3de mysterie van het licht: Jezus begint zijn prediking in Galilea: Wij vragen aan Maria dat de Geest ook ons bezielt om woorden te kunnen spreken van waarheid die oproepen tot geloof en bekering en die onze christelijke gemeenschappen opbouwen. Zo mateloos schenkt God zijn Geest, dat mensen Gods eigen woorden kunnen spreken.
4de mysterie van het licht: Jezus’ verheerlijking op de berg van de gedaanteverandering: We vragen Maria dat Jezus ook ons zou meenemen op de berg om de nodige troost en bemoediging te ontvangen voor onze zending, dat wij in Jezus’ heerlijkheid kracht zouden vinden om onze aardse tegenheden te kunnen doorstaan.

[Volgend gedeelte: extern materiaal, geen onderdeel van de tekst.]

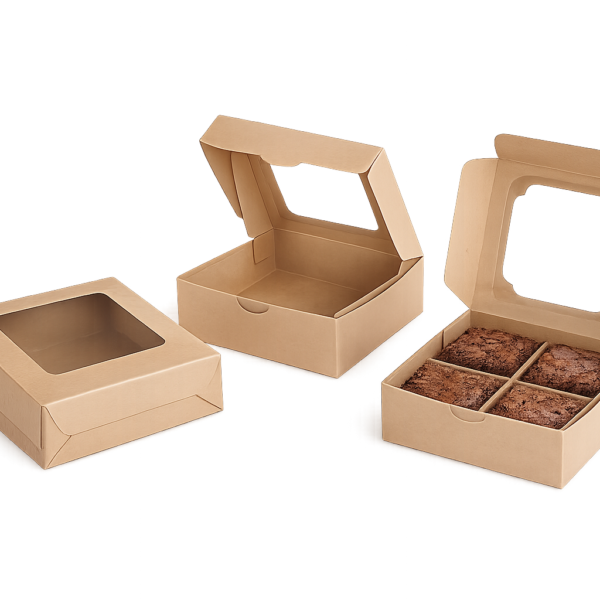 4 Pc Kraft Brownie Box with Window – 6 × 6 × 2 Inch Bakery Box
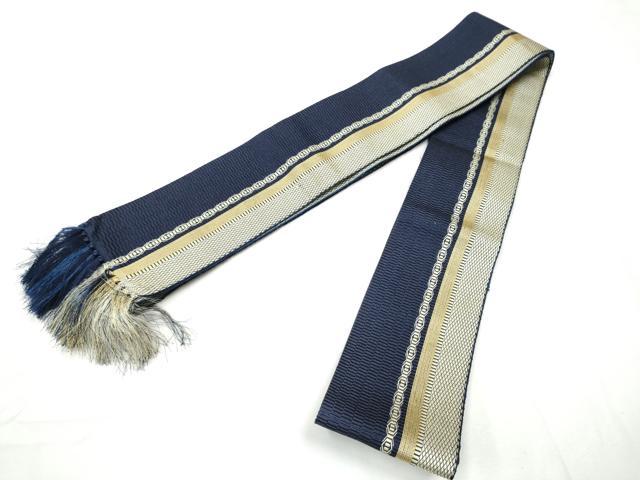 平和屋着物●男性　本場筑前博多織　角帯　間道　正絹　逸品　CABF8611hy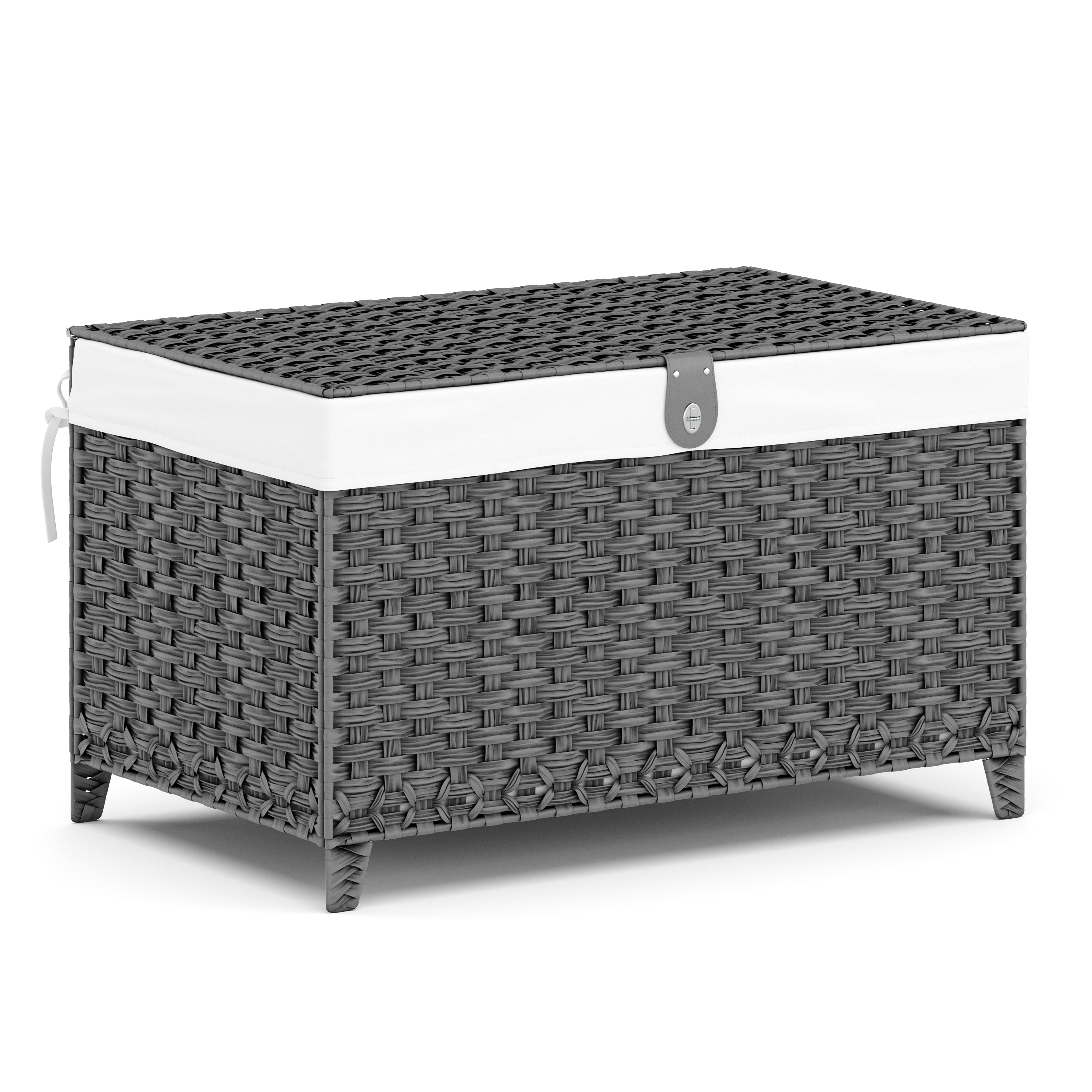 Image of Aufbewahrungskorb Rattan mit Deckel 160L grau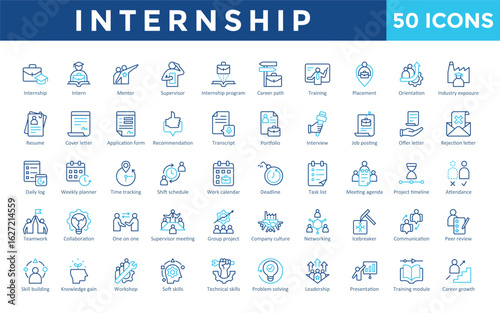 Internship icons set with internship, intern, mentor, supervisor, internship program, career path, training, placement, orientation, industry exposure icon. Simple line color vector 
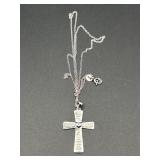 RHODIUM OVER STERLING SILVER CROSS NECKLACE W/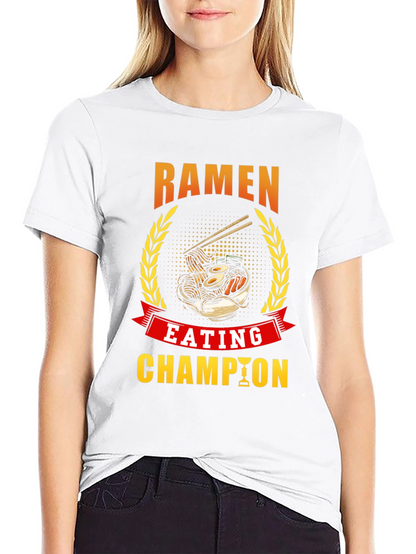 Camiseta Negra Campeón Comiendo Ramen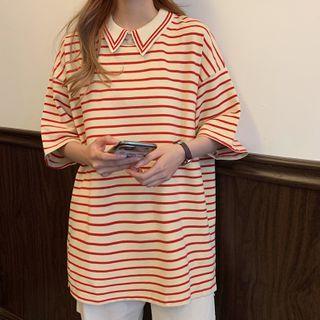 Collared Elbow-sleeve Striped T-shirt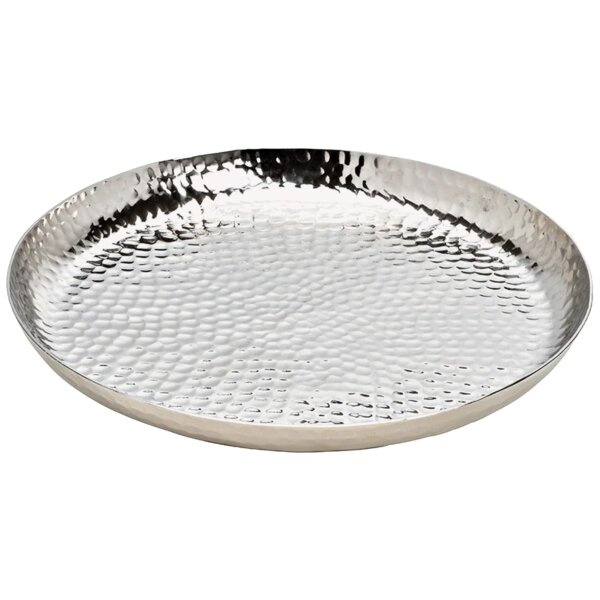 Deko Teller, Schale rund D:30 cm aus Metall fein gehämmert, silber - Tablett, Kerzentablett, Dekotablett, Dekoschale, Dekoteller, Wohnzimmerdeko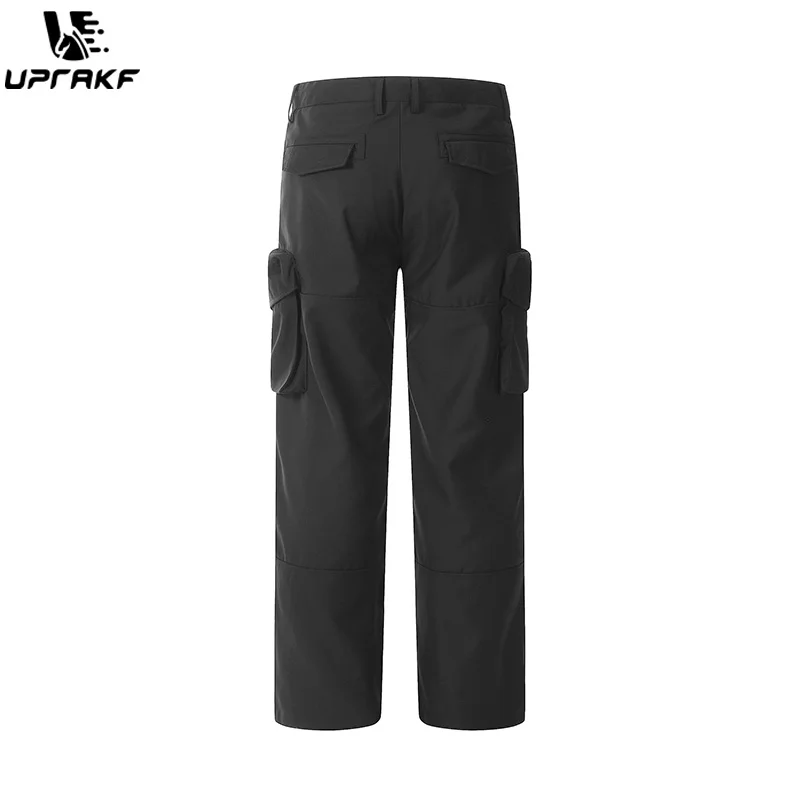 UPRAKF Drawstring Black Trousers Comfort Casual Side Pocket Autumn Pantalones Solid Color Pleated Streetwear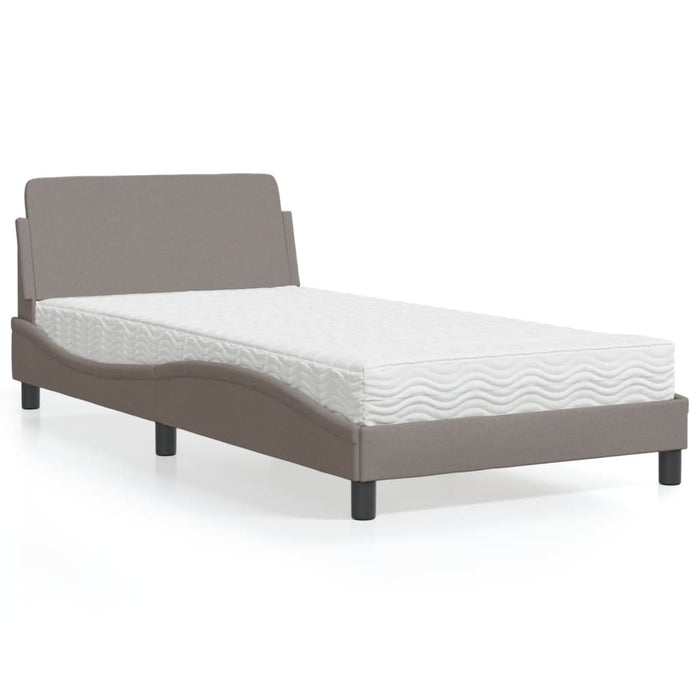 Letto con Materasso Dover Tortora 100x200 cm in Tessuto 3208348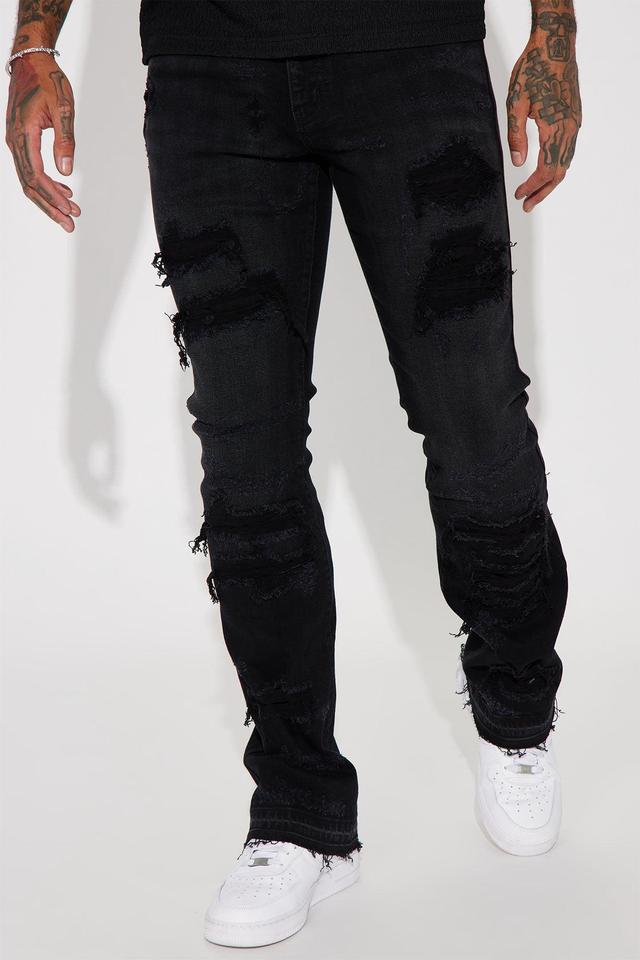 Cuff Me Stacked Skinny Flared Jeans - Black Wash Product Image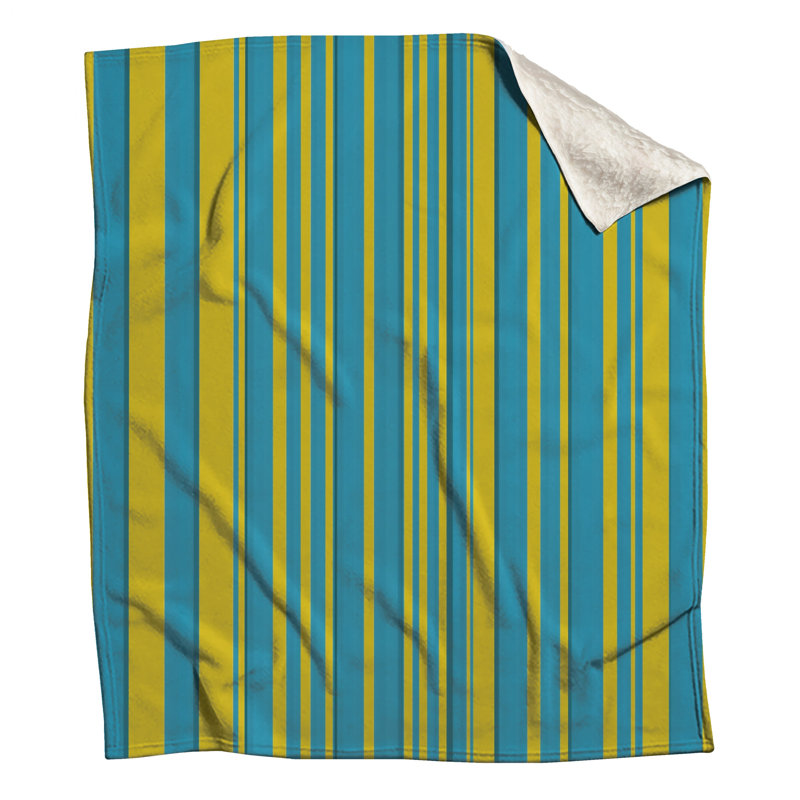 Couvertures à rayures bleues et jaunes, 60in W x 80in H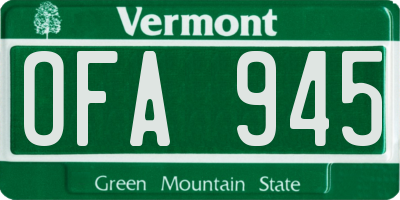 VT license plate OFA945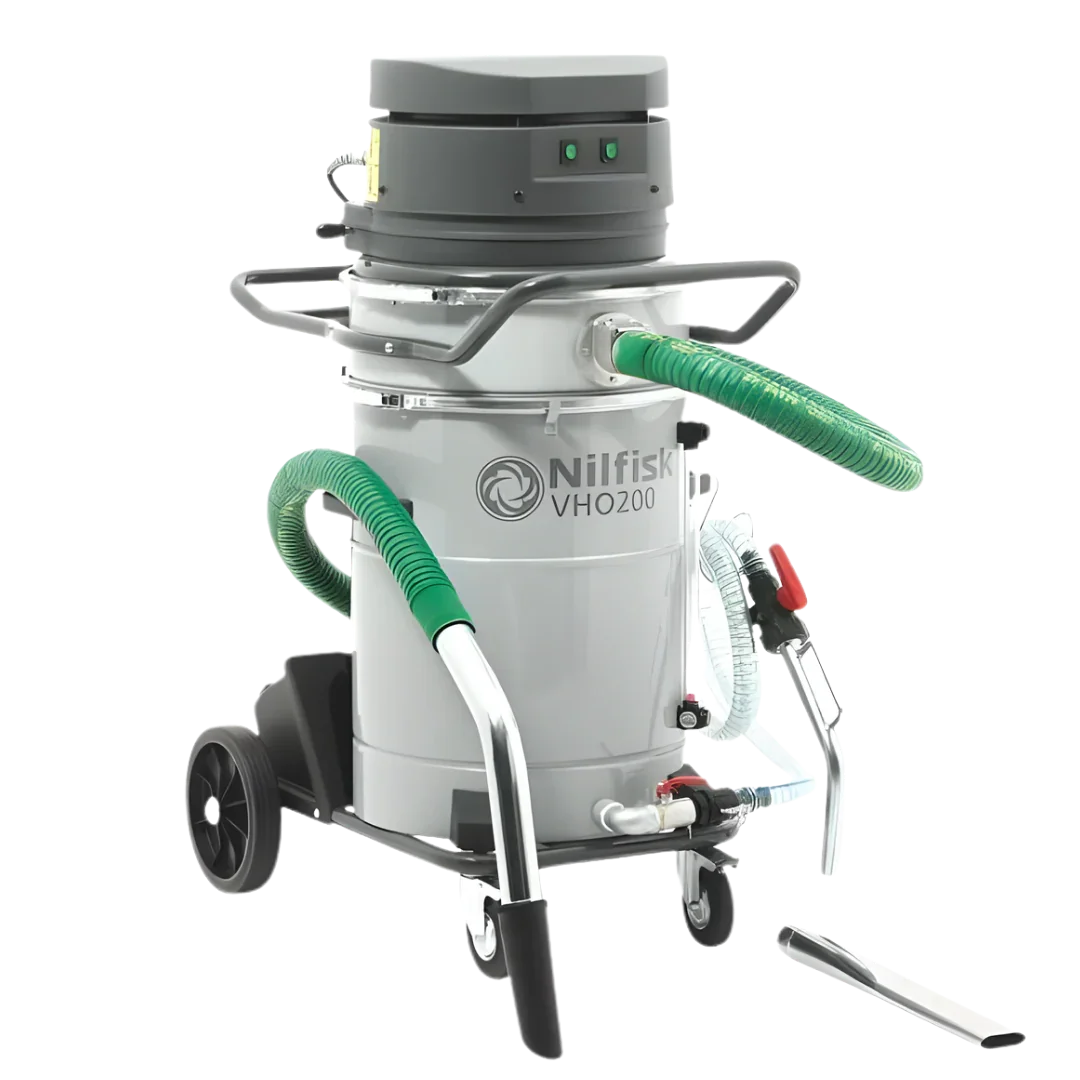 Nilfisk VHO200 liquid swarf and oil vacuum cleaner for industrial coolant recovery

5de mysterie van het licht: Jezus geeft Zichzelf aan ons in de Eucharistie: We vragen Maria om de genade van diep inzicht in de Eucharistie, bron en hoogtepunt van het christelijk leven. In de hostie schenkt Jezus zichzelf aan ieder van ons persoonlijk. We krijgen in Hem een leven dat zonder ophouden bidt, dankt, liefheeft alsof Hij niemand anders had op deze wereld om lief te hebben. Ook zijn pijnen en zijn leed schenkt Hij aan ieder van ons persoonlijk. In de communie mogen wij Hem ontvangen, ons met Hem verenigen, ons aan Hem geven en met Hem één worden van wil en verlangen.